David M. Malone, born in 1954, is a Canadian author on international security and development, as well as a career diplomat. He is a former president of the International Peace Institute, and a frequently quoted expert on international affairs, especially on Indian Foreign Policy and the work of the UN Security Council. He became president of the International Development Research Centre in 2008 and served until 2013. On 1 March 2013, he took up the position of UN Under-Secretary-General, Rector of the United Nations University, headquartered in Tokyo, Japan.

He holds a degree from l’École des Hautes Études Commerciales (Montreal); studied at the American University of Cairo; holds an MPA from Harvard’s Kennedy School of Government; and earned a DPhil in International Relations from Oxford University.
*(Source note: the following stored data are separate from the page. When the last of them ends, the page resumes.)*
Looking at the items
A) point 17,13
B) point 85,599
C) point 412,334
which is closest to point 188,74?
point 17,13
Malone served as a Canadian Ambassador to the UN from 1992 to 1994, after representing Canada on the UN's Economic and Social Council, 1990-92. He was appointed as the Canadian High Commissioner to India, and the non-resident Ambassador to Nepal and Bhutan, 2006-2008.
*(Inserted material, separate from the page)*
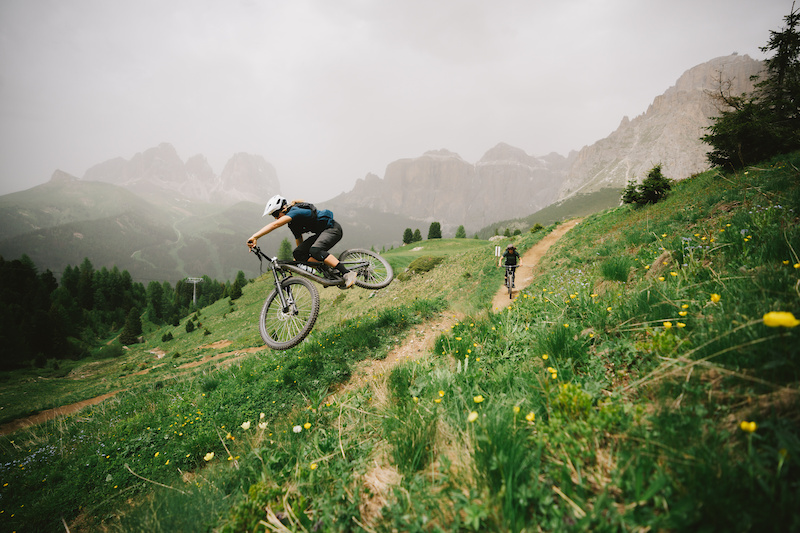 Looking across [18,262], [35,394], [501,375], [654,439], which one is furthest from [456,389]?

From 1998 until 2004, when Terje Rød-Larsen took over, he was the president of the International Peace Institute, then known as the International Peace Academy. He has spoken at the Carnegie Council for Ethics in International Affairs.
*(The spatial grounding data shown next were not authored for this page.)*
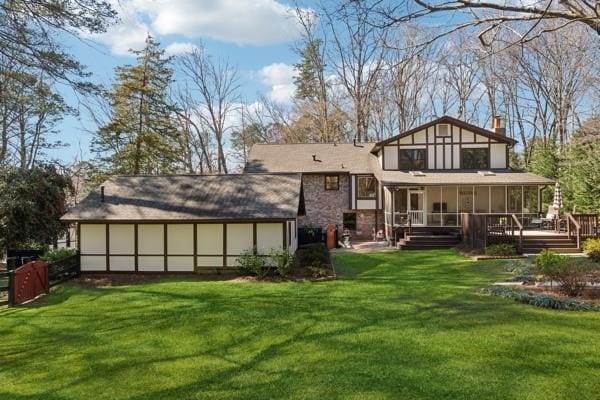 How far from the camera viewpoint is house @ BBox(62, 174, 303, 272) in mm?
14492

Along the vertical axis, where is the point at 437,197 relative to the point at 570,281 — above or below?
above

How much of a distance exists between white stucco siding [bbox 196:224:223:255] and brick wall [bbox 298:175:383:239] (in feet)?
33.6

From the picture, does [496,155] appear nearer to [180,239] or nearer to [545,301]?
[545,301]

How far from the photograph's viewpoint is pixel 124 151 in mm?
28312

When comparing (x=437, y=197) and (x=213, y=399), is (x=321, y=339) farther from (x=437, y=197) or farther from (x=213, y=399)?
(x=437, y=197)

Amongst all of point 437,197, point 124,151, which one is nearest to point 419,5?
point 437,197

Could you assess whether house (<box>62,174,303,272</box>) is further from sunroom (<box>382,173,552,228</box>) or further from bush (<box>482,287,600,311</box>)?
sunroom (<box>382,173,552,228</box>)

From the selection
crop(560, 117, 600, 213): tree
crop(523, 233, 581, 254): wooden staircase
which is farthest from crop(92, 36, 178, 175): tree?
crop(560, 117, 600, 213): tree

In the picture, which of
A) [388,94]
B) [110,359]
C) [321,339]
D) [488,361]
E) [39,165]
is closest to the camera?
[488,361]

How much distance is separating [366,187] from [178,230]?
12.5 meters

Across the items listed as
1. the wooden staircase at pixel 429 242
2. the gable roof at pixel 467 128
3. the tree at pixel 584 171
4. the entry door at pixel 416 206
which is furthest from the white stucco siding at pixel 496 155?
the wooden staircase at pixel 429 242

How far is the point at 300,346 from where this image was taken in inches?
279

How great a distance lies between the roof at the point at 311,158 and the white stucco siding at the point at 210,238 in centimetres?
1054

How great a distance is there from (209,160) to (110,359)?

Malone was president of the International Development Research Centre, a Canadian crown corporation that supports evidence-based and policy relevant research into healthier, more equitable, and more prosperous societies in the global south, 2008-2013, and became president in July 2008.

Malone has a long-term interest in Haiti, which he visited as part of UN delegations and as a representative of human rights groups. His book Decision-Making in the UN Security Council: The Case of Haiti is "an account of the struggle to address the Haiti crisis from 1990 to 1998." A former supporter of president Jean-Bertrand Aristide, he was highly critical of the international pressure that resulted in Aristide's ousting, singling out the United States, France, and Canada in an 2004 op-ed piece published in the International Herald Tribune and The New York Times. In an interview with the Neue Zürcher Zeitung, he expressed mixed optimism that a lengthy (15 to 20 years) international involvement might bring about positive change, but lamented the lack of interest in "Paris, Washington, or even Ottawa" in a long-term strategy. In an op-ed piece in The New York Times written with Kirsti Samuels (also of the International Peace Institute) published in July 2004, he advocated an international commitment to long-term nation-building for Haiti.